--- Data for this task ---
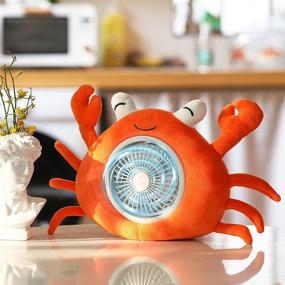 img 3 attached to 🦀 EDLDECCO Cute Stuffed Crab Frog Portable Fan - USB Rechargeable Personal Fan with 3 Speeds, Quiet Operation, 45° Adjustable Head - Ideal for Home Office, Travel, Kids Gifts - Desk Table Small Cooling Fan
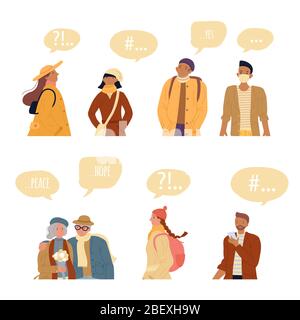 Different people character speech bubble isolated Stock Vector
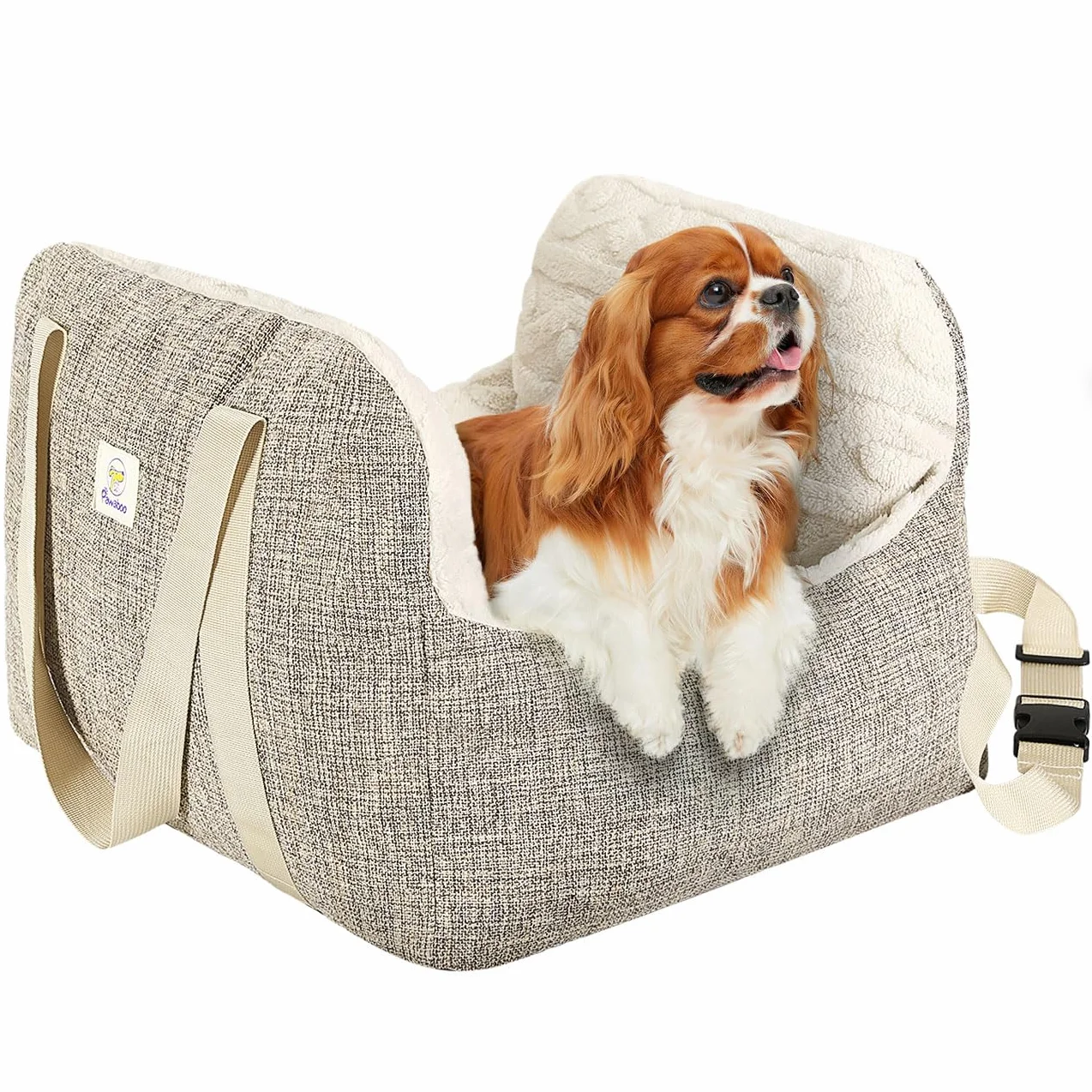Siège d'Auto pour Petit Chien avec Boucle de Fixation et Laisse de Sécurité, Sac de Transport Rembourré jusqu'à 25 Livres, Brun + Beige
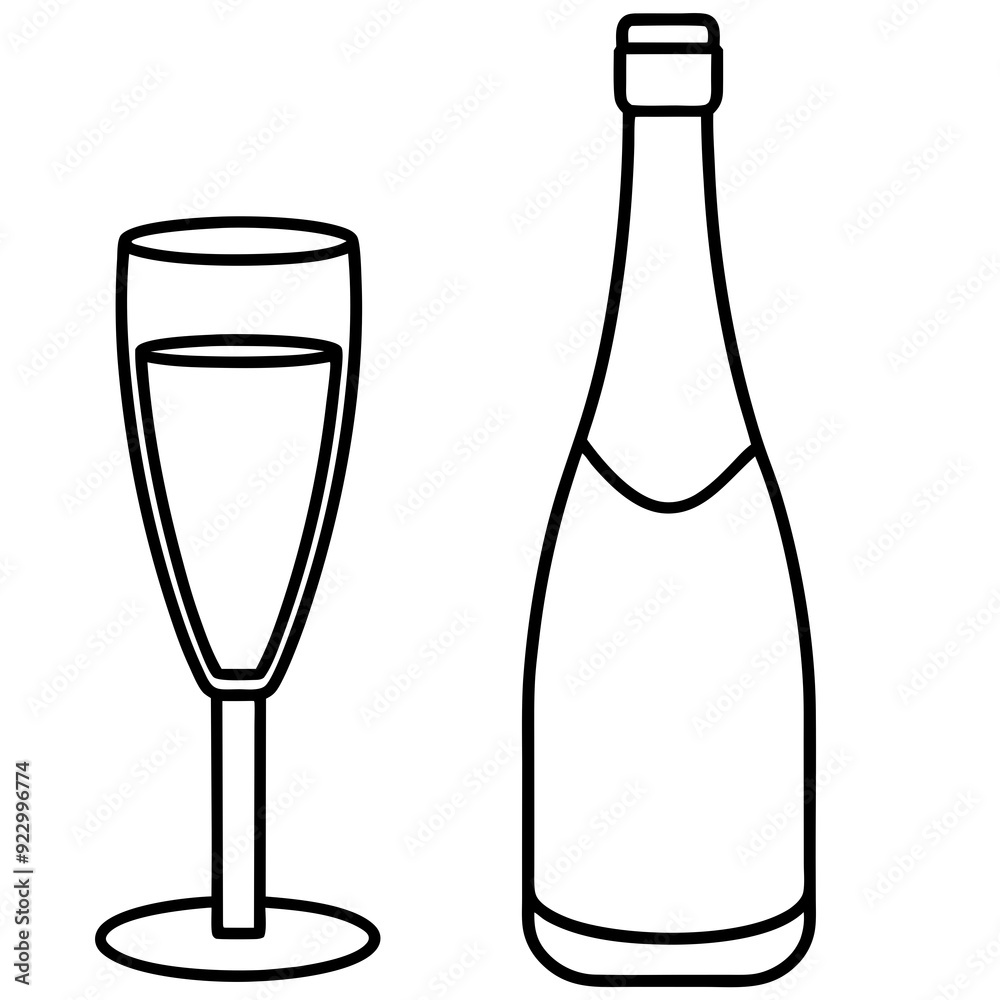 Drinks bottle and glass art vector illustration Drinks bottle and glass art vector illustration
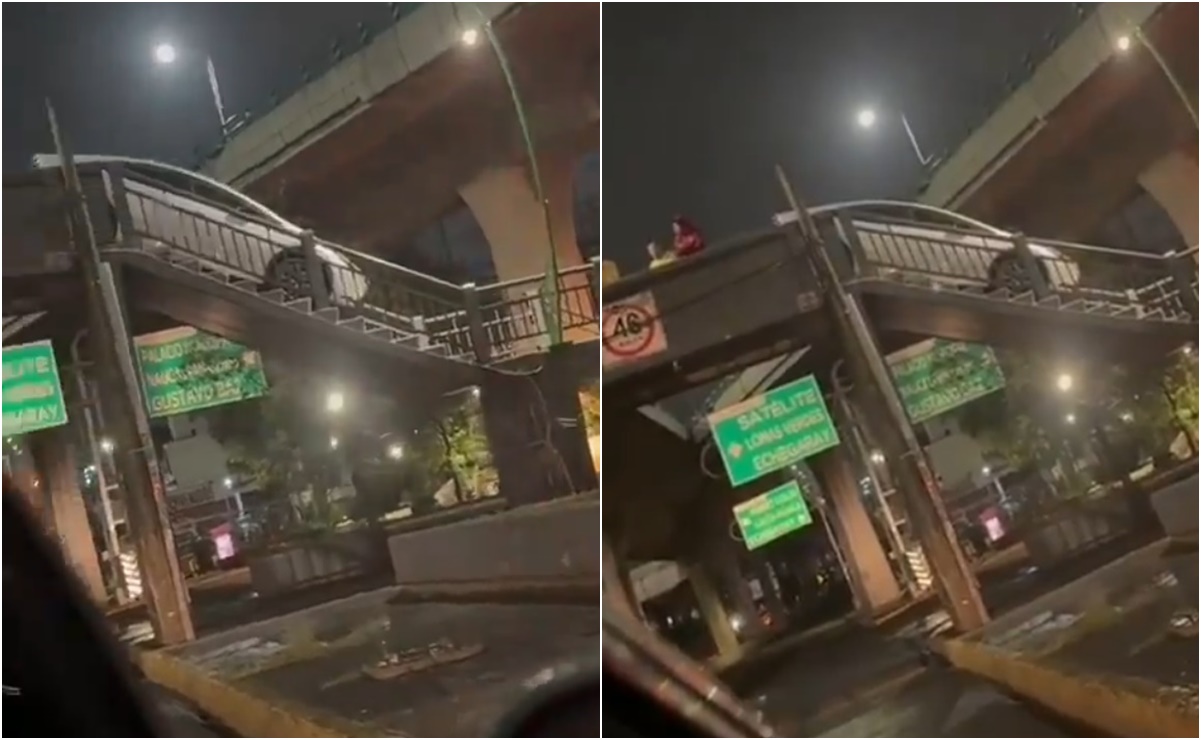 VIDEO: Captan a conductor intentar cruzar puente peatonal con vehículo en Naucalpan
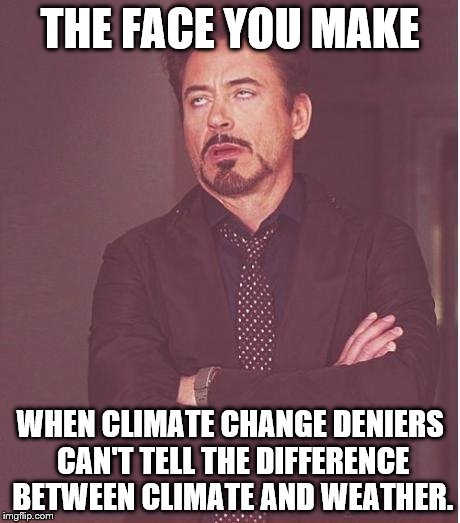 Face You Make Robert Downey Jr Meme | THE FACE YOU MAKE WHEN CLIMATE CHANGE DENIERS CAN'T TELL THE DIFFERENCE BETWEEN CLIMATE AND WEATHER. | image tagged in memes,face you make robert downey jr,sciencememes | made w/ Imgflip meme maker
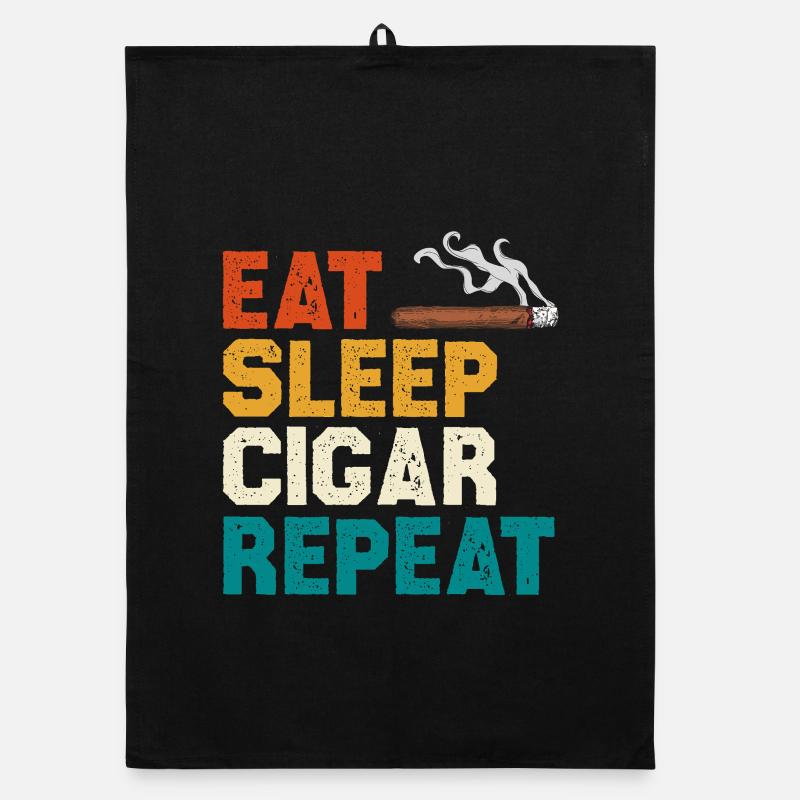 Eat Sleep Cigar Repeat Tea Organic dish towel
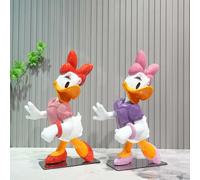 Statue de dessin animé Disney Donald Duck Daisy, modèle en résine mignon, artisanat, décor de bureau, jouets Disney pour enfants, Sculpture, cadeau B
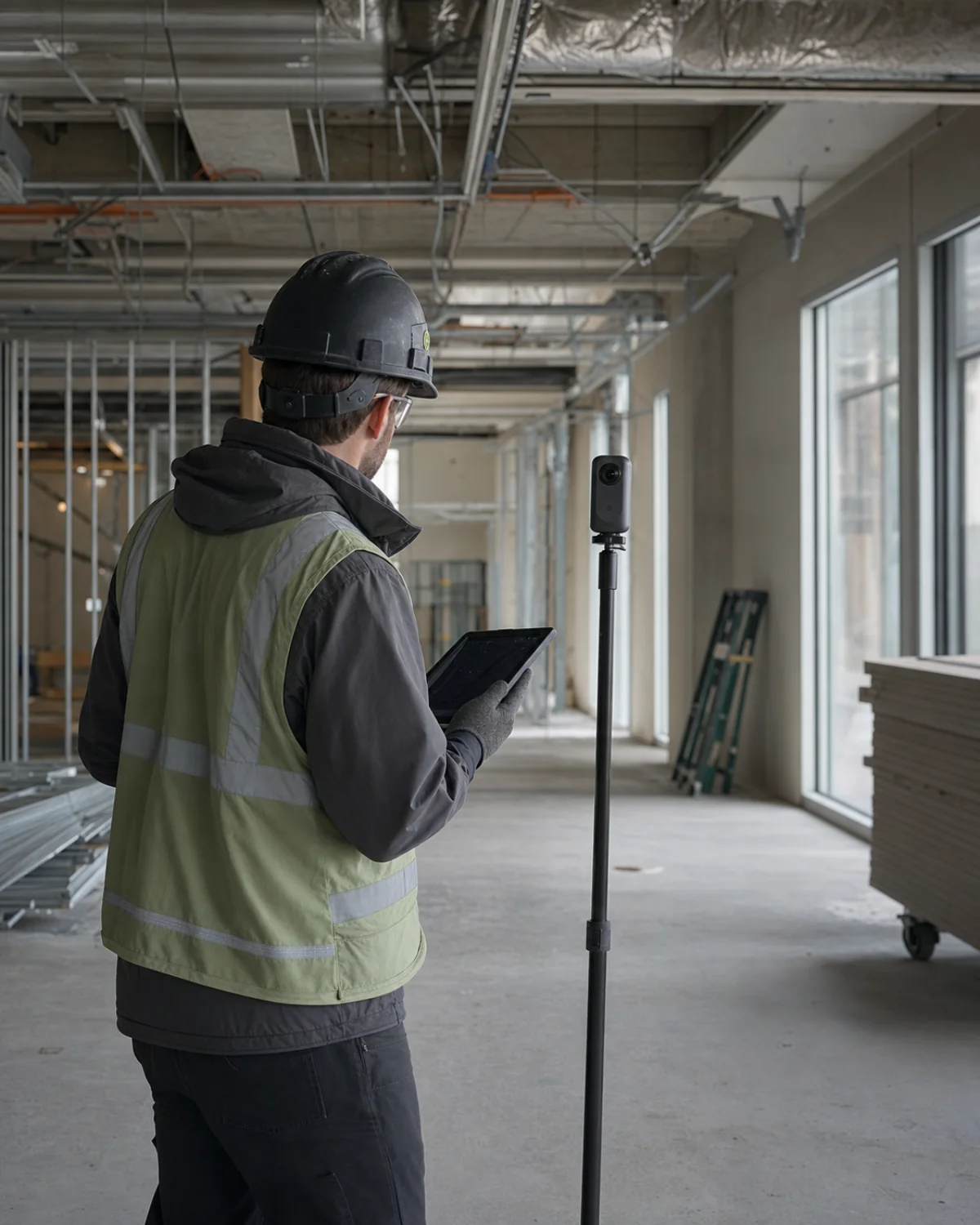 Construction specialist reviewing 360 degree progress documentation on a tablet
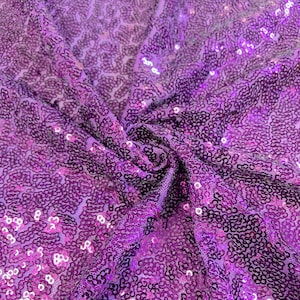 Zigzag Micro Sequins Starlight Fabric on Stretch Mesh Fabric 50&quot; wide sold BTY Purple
---
[Problem description]:
Copy out the data above exactly, except the pictures.

[Task result]:
 img 3 attached to 🦀 EDLDECCO Cute Stuffed Crab Frog Portable Fan - USB Rechargeable Personal Fan with 3 Speeds, Quiet Operation, 45° Adjustable Head - Ideal for Home Office, Travel, Kids Gifts - Desk Table Small Cooling Fan
 Different people character speech bubble isolated Stock Vector
Siège d'Auto pour Petit Chien avec Boucle de Fixation et Laisse de Sécurité, Sac de Transport Rembourré jusqu'à 25 Livres, Brun + Beige
 Drinks bottle and glass art vector illustration Drinks bottle and glass art vector illustration
 VIDEO: Captan a conductor intentar cruzar puente peatonal con vehículo en Naucalpan
 Face You Make Robert Downey Jr Meme | THE FACE YOU MAKE WHEN CLIMATE CHANGE DENIERS CAN'T TELL THE DIFFERENCE BETWEEN CLIMATE AND WEATHER. | image tagged in memes,face you make robert downey jr,sciencememes | made w/ Imgflip meme maker
 Eat Sleep Cigar Repeat Tea Organic dish towel
 Statue de dessin animé Disney Donald Duck Daisy, modèle en résine mignon, artisanat, décor de bureau, jouets Disney pour enfants, Sculpture, cadeau B
 Construction specialist reviewing 360 degree progress documentation on a tablet
 Zigzag Micro Sequins Starlight Fabric on Stretch Mesh Fabric 50&quot; wide sold BTY Purple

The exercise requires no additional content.